16. Hands-On Challenge
Try extending order_lookup.py in the following ways:
Challenge A
Add more orders and test different phrasings: - “Where is order A100?” - “Has A102 been delivered?” - “Please check order A999.”
Challenge B
Add a second tool:
cancel_order(order_id: str) -> dict
Then ask: - “Cancel order A101.” - “Can you check A100 first, then cancel it if it hasn’t shipped?”
Challenge C
Modify the tool so it returns: - order status - item - customer name - shipping carrier
Observe how the model incorporates richer tool data into final answers.
17. Mini Debrief: What Tool Use Adds
Tool use adds the ability to connect language reasoning with external capabilities.

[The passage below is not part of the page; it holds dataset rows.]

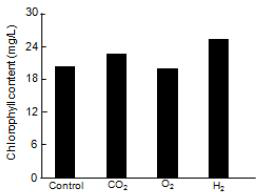 Chlorophyll content of A. platensis WT in nano-bubble oxygen, hydrogen and carbonated water.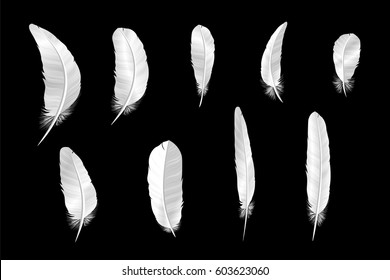 Set of various white bird feathers on a black background. Collection 3d realistic style soft fluffy macro swan vector illustration. Pen for handwriting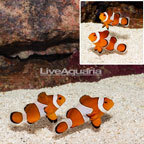 WC Ocellaris Clownfish, Pair (click for more detail)
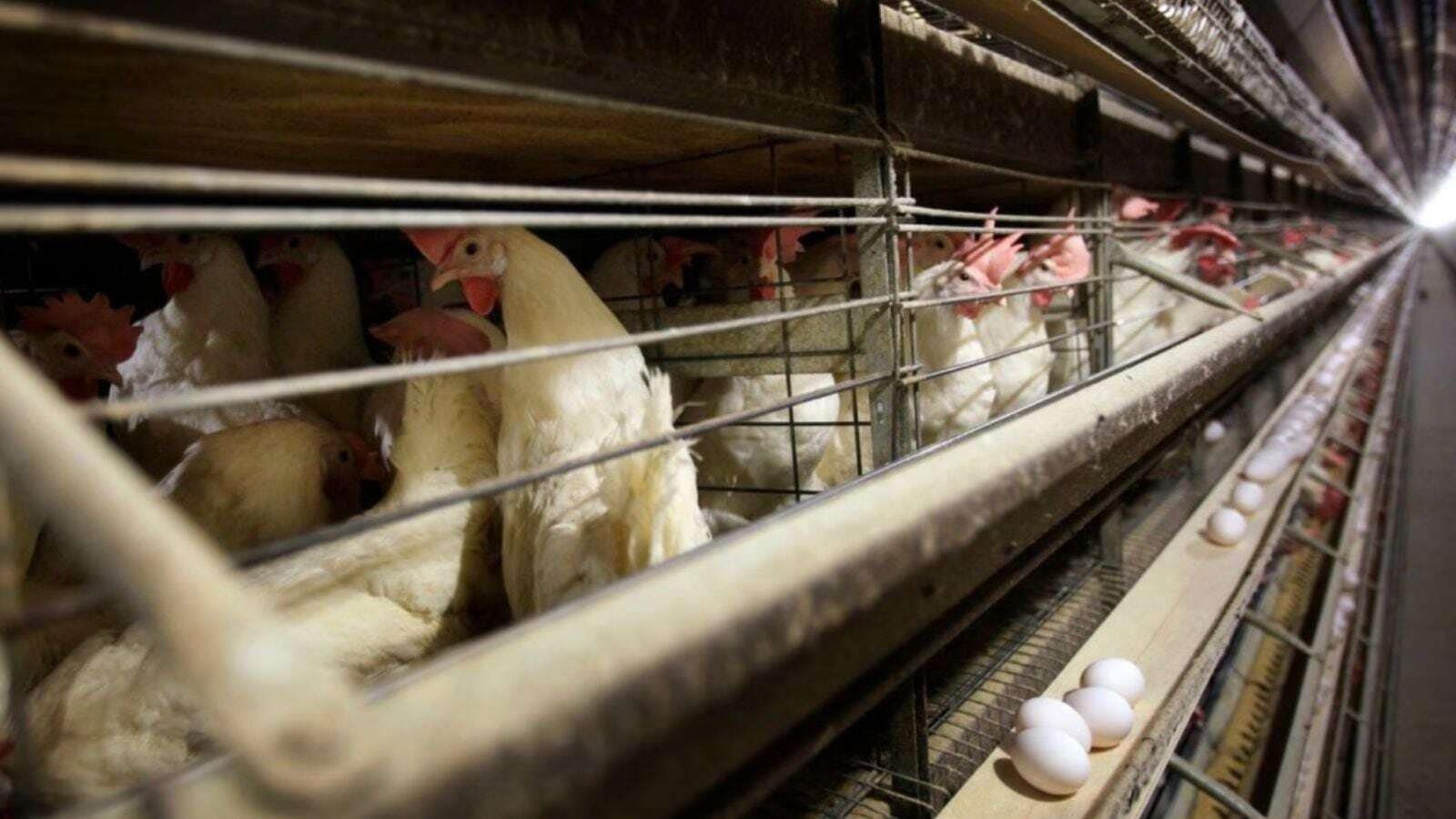 2-more-poultry-farms-near-maharashtra’s-navapur-test-positive-for-bird-flu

Without tools, LLM systems are mainly:
- conversational
- generative
- approximate
- context-bound
With tools, LLM systems become:
- grounded
- action-oriented
- data-aware
- operationally useful
That is why tool use is a major building block of agentic development.
18. Session Summary
In this session, you learned:
- plain LLMs are powerful, but limited for real applications
- tool use allows models to call external functions
- tools improve accuracy, freshness, reliability, and usefulness
- the Responses API supports a practical tool-calling workflow
- Python functions can serve as deterministic tools in an LLM system
You also built:
- a direct-answer example
- a calculator tool example
- an order lookup tool example
19. Useful Resources
-
OpenAI Responses API migration guide:
https://developers.openai.com/api/docs/guides/migrate-to-responses -
OpenAI API docs overview:
https://developers.openai.com/api/ -
OpenAI Python SDK:
https://github.com/openai/openai-python -
JSON Schema reference:
https://json-schema.org/understanding-json-schema/
20. Suggested Homework
Build a small assistant with two tools:
lookup_order(order_id)calculate_refund(order_total, restocking_fee_percent)
Test prompts like:
- “What’s the status of order A100?”
- “If I return a $120 item with a 10% restocking fee, how much do I get back?”
- “Check order A101 and summarize the result politely.”
Homework goal
Practice separating: - language understanding - deterministic logic - final response generation
This separation is one of the most important habits in building robust GenAI applications.